Pictures with short captions:

________________________________________

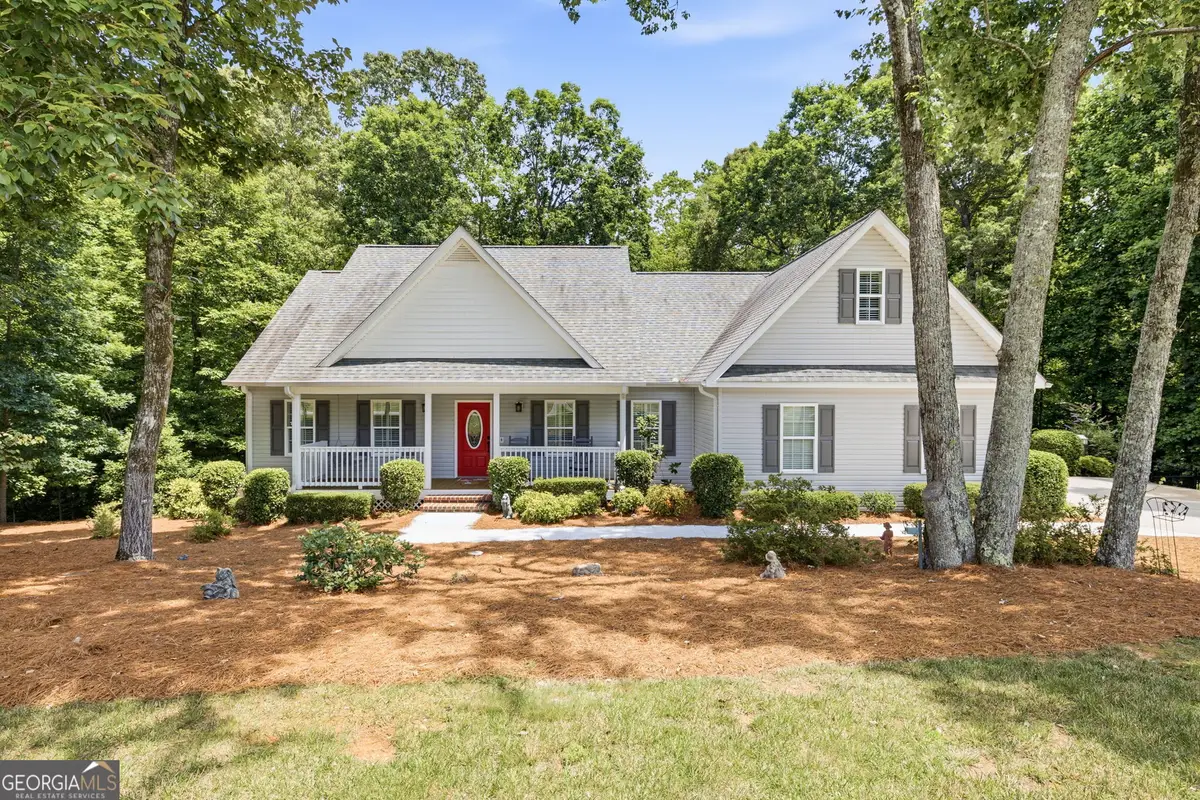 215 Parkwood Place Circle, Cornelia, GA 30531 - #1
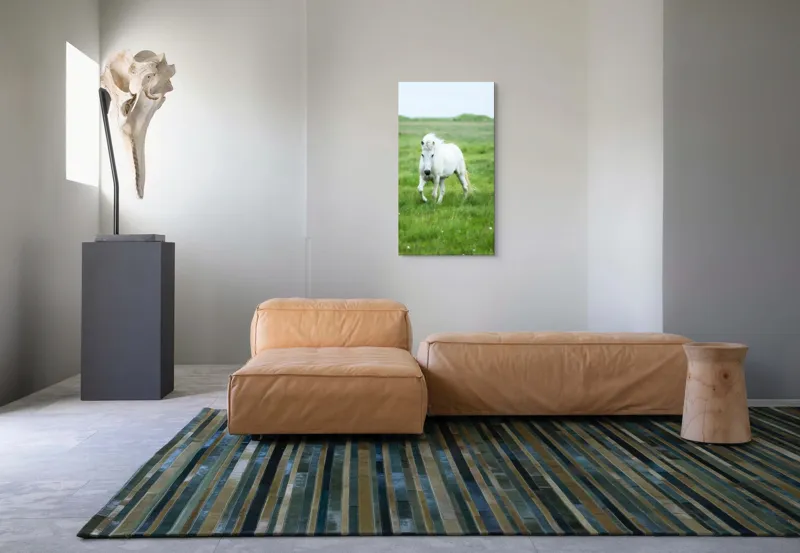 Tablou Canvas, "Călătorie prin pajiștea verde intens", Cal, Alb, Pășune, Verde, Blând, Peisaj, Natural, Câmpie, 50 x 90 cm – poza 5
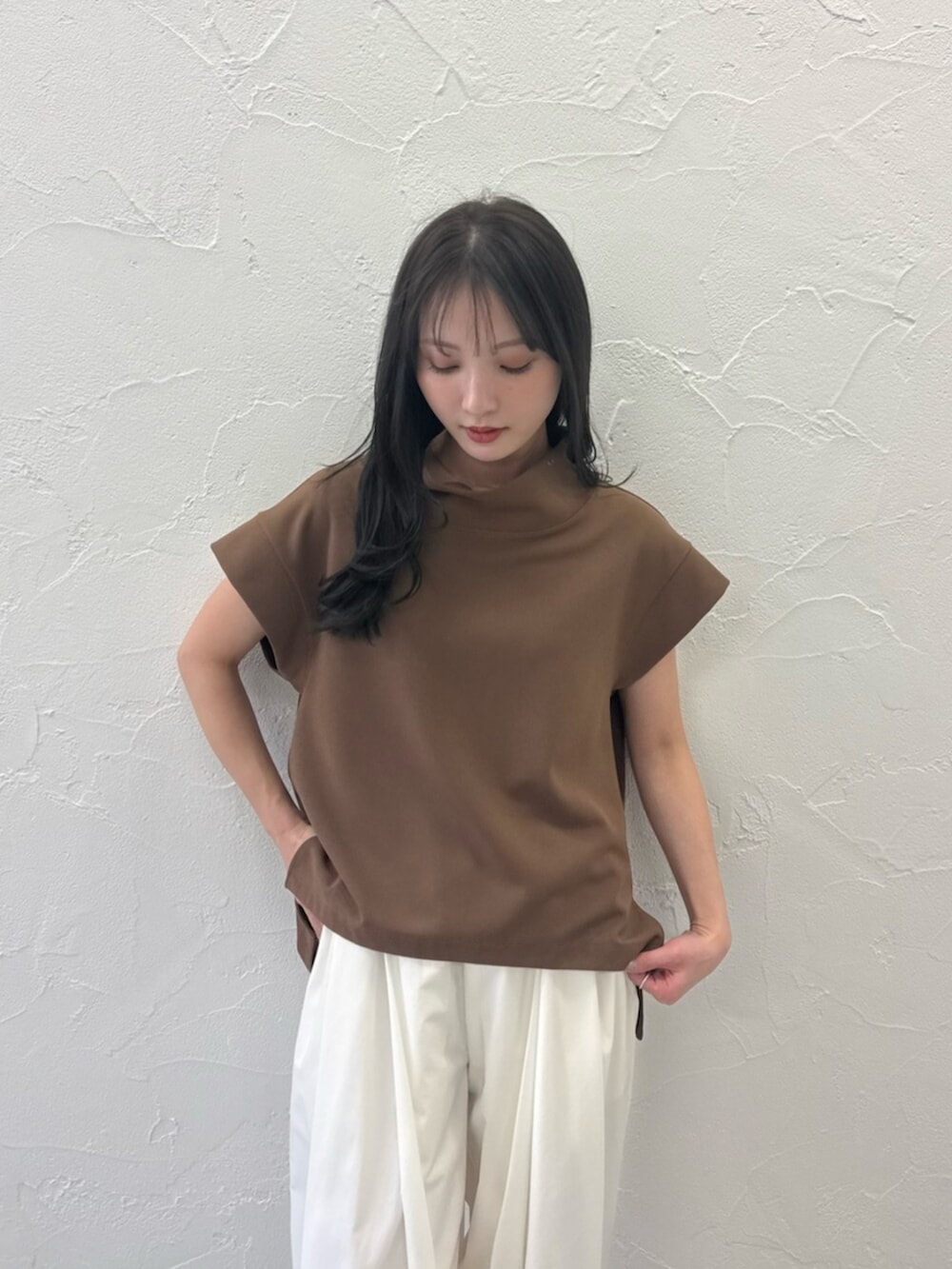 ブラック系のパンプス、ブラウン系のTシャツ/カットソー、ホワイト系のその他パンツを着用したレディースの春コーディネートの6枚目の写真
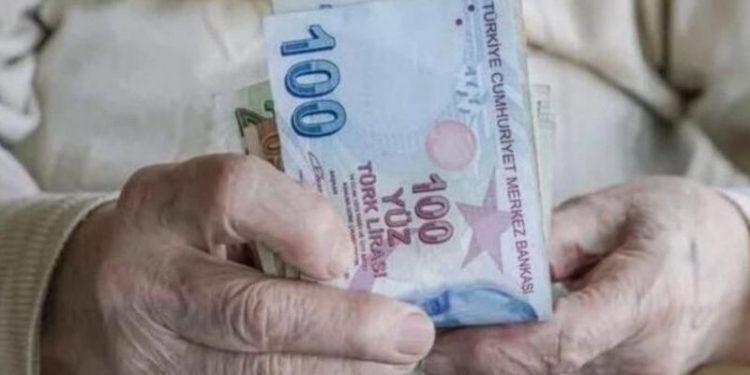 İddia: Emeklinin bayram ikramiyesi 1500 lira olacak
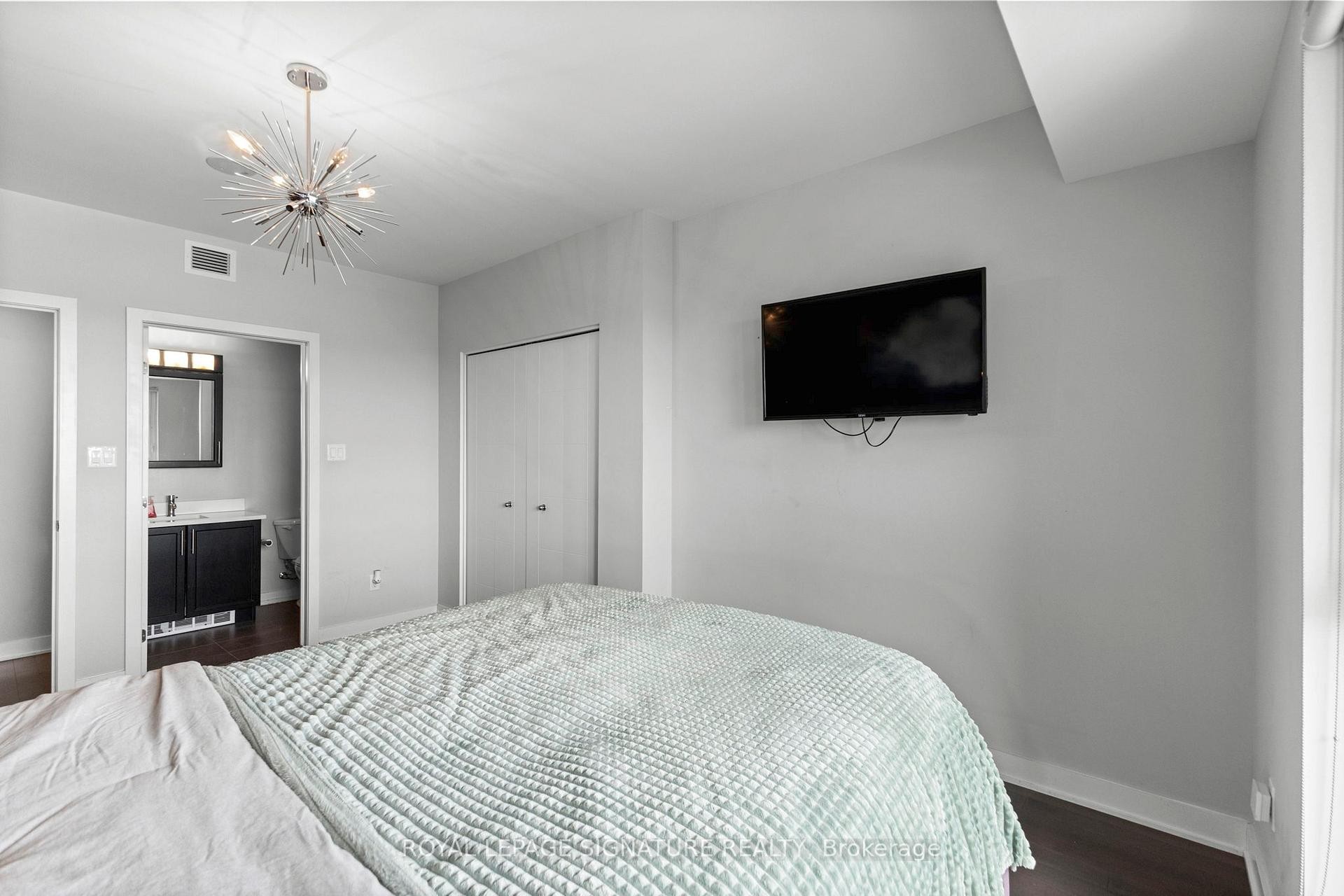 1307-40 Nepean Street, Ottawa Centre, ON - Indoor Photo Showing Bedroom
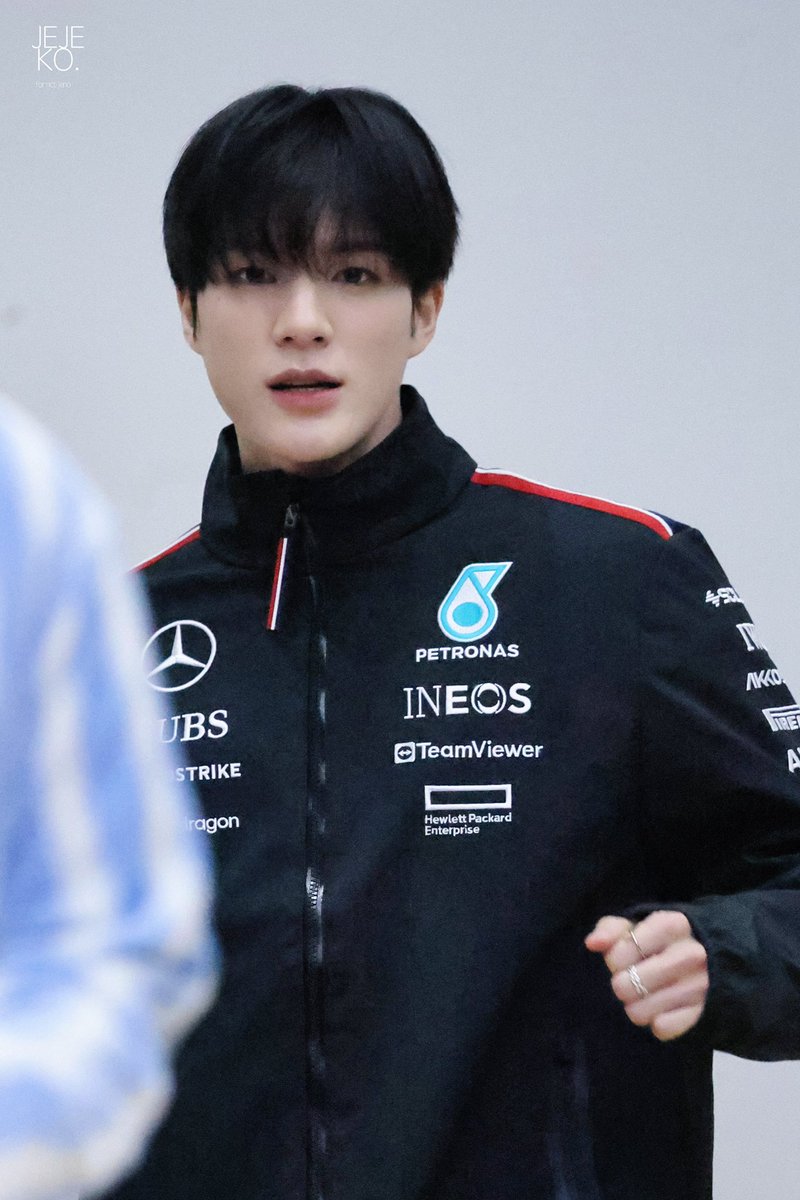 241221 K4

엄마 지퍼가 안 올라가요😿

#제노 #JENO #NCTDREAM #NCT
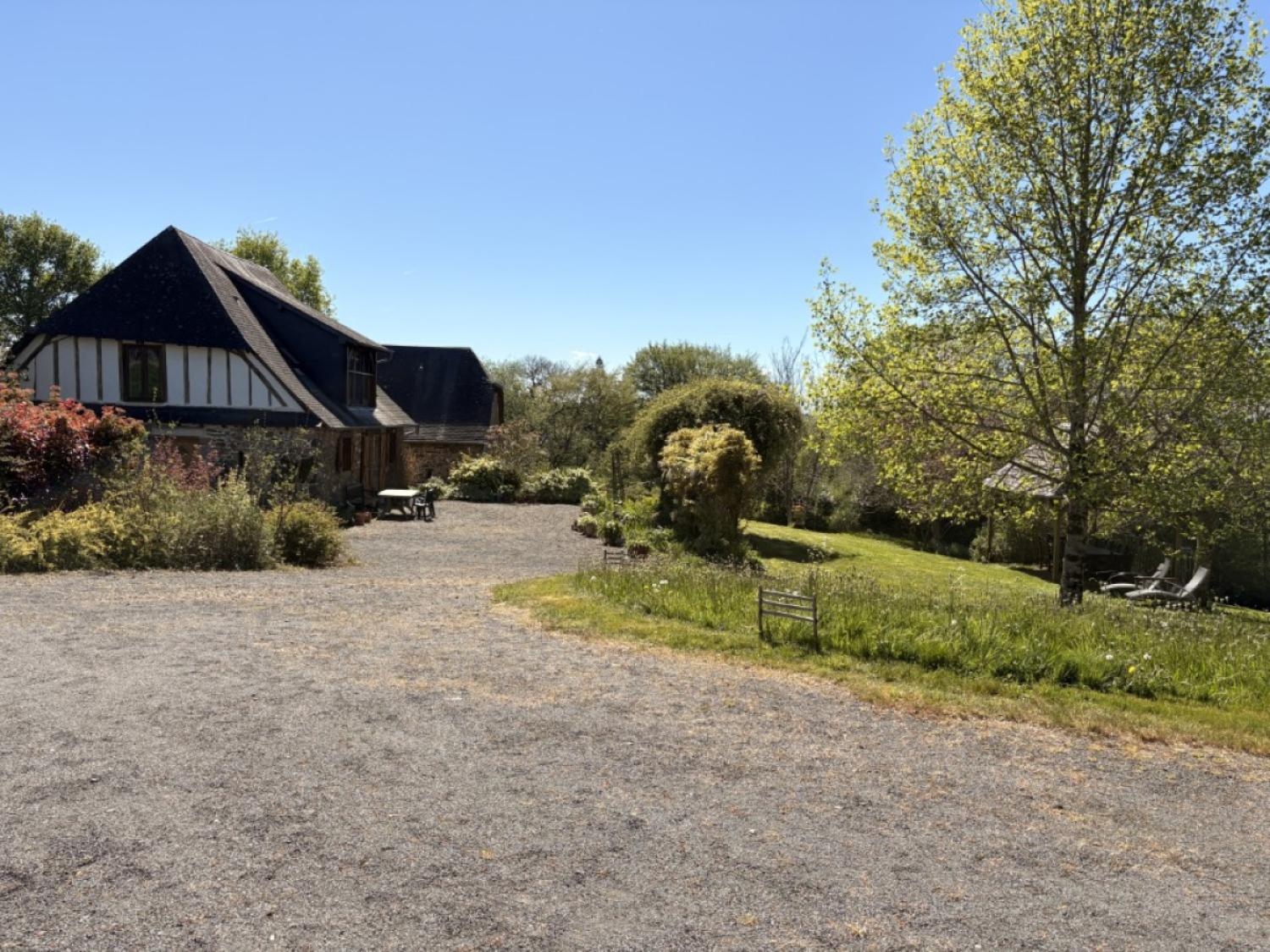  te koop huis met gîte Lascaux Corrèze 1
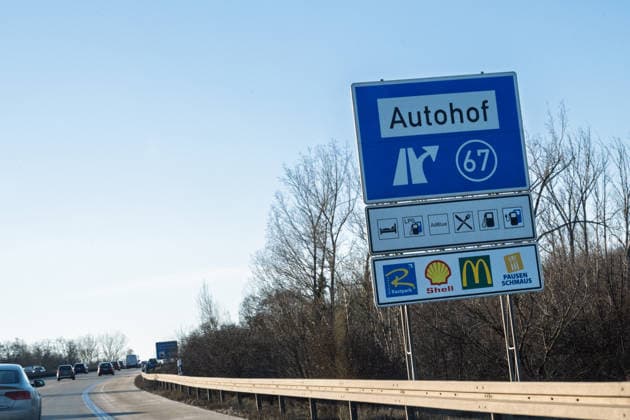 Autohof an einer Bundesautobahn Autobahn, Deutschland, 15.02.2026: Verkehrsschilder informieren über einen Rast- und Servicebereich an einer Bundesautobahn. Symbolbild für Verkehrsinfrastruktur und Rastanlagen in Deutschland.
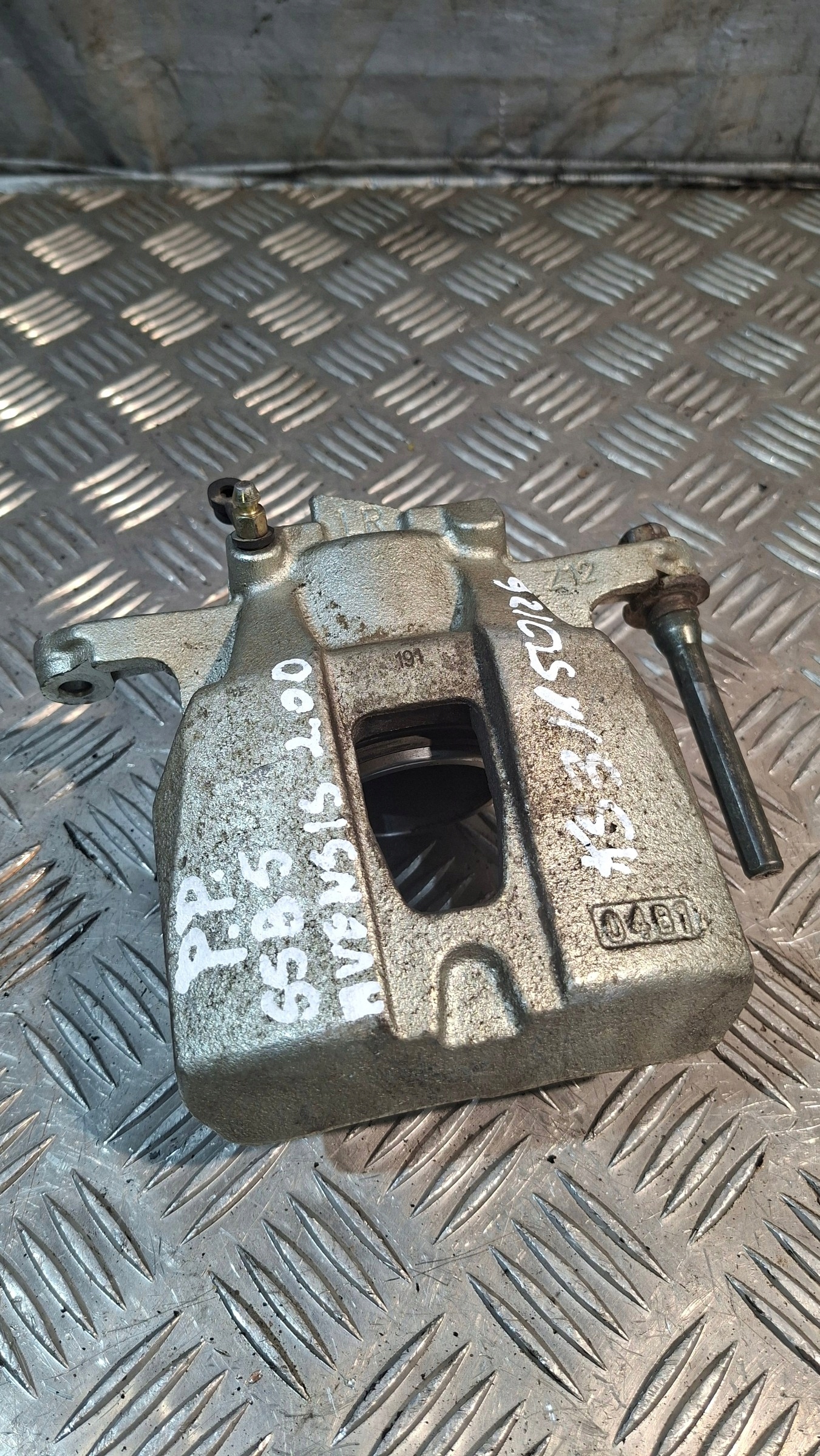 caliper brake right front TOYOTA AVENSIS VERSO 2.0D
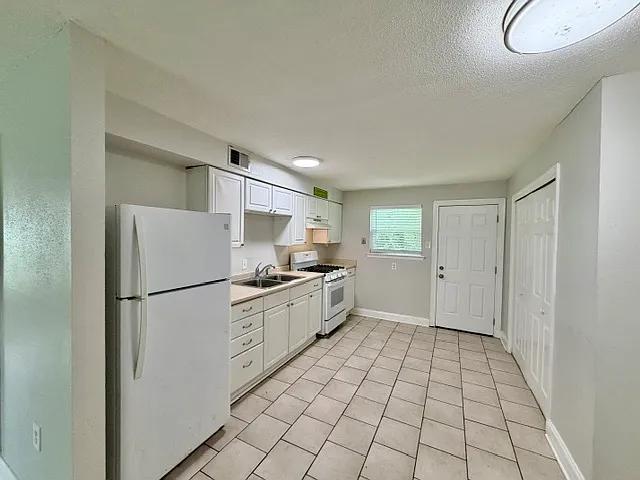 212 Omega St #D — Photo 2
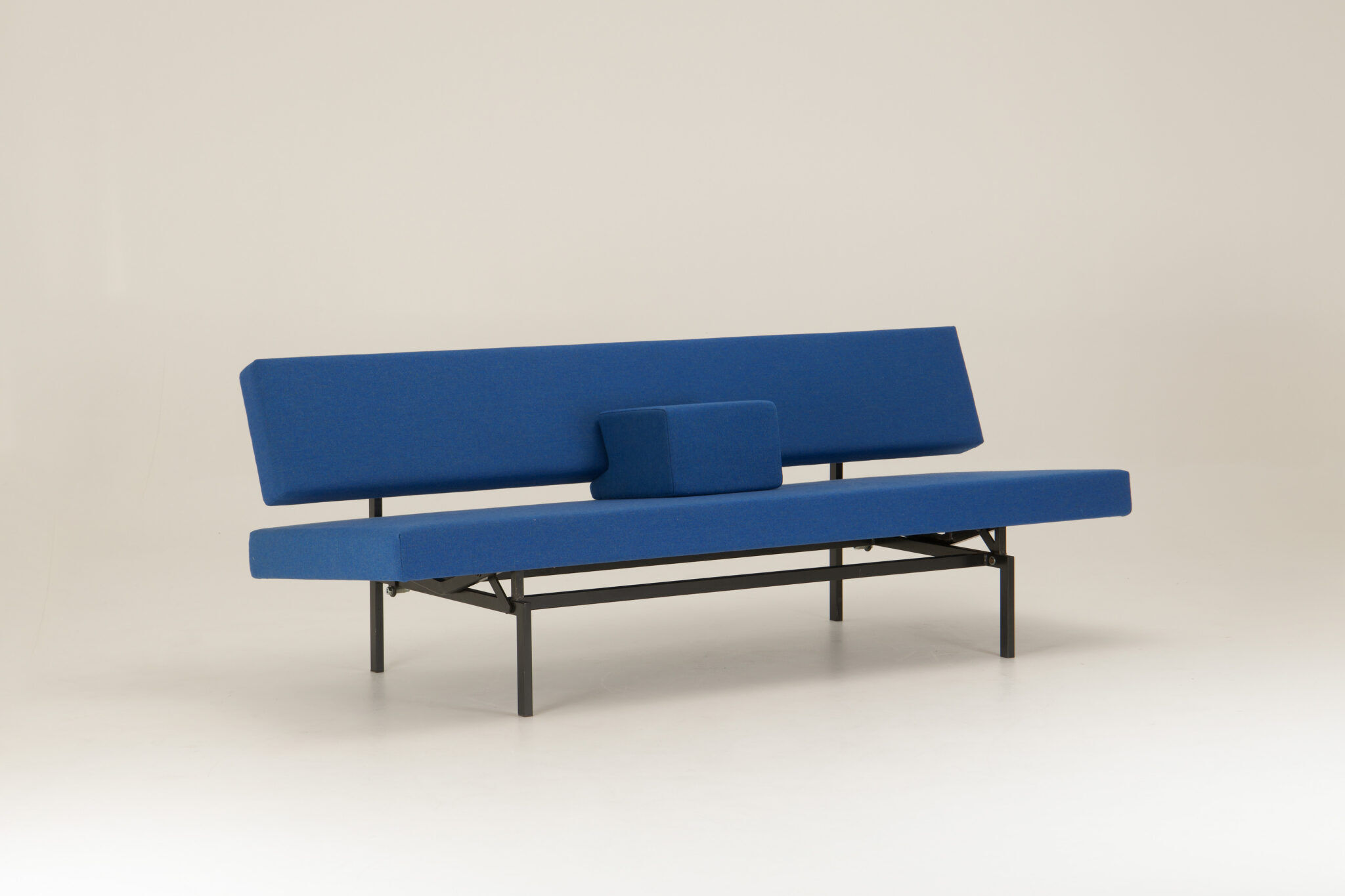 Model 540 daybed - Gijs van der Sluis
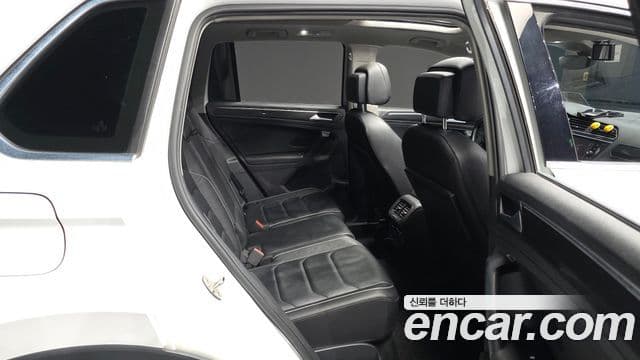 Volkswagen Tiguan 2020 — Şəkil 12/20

________________________________________

» **TASK DIRECTIONS**:
Where a picture appears, skip it and copy the rest of the data word for word.

» **SOLUTION FOR THIS TASK**:
 215 Parkwood Place Circle, Cornelia, GA 30531 - #1
 Tablou Canvas, "Călătorie prin pajiștea verde intens", Cal, Alb, Pășune, Verde, Blând, Peisaj, Natural, Câmpie, 50 x 90 cm – poza 5
 ブラック系のパンプス、ブラウン系のTシャツ/カットソー、ホワイト系のその他パンツを着用したレディースの春コーディネートの6枚目の写真
 İddia: Emeklinin bayram ikramiyesi 1500 lira olacak
 1307-40 Nepean Street, Ottawa Centre, ON - Indoor Photo Showing Bedroom
 241221 K4

엄마 지퍼가 안 올라가요😿

#제노 #JENO #NCTDREAM #NCT
  te koop huis met gîte Lascaux Corrèze 1
 Autohof an einer Bundesautobahn Autobahn, Deutschland, 15.02.2026: Verkehrsschilder informieren über einen Rast- und Servicebereich an einer Bundesautobahn. Symbolbild für Verkehrsinfrastruktur und Rastanlagen in Deutschland.
 caliper brake right front TOYOTA AVENSIS VERSO 2.0D
 212 Omega St #D — Photo 2
 Model 540 daybed - Gijs van der Sluis
 Volkswagen Tiguan 2020 — Şəkil 12/20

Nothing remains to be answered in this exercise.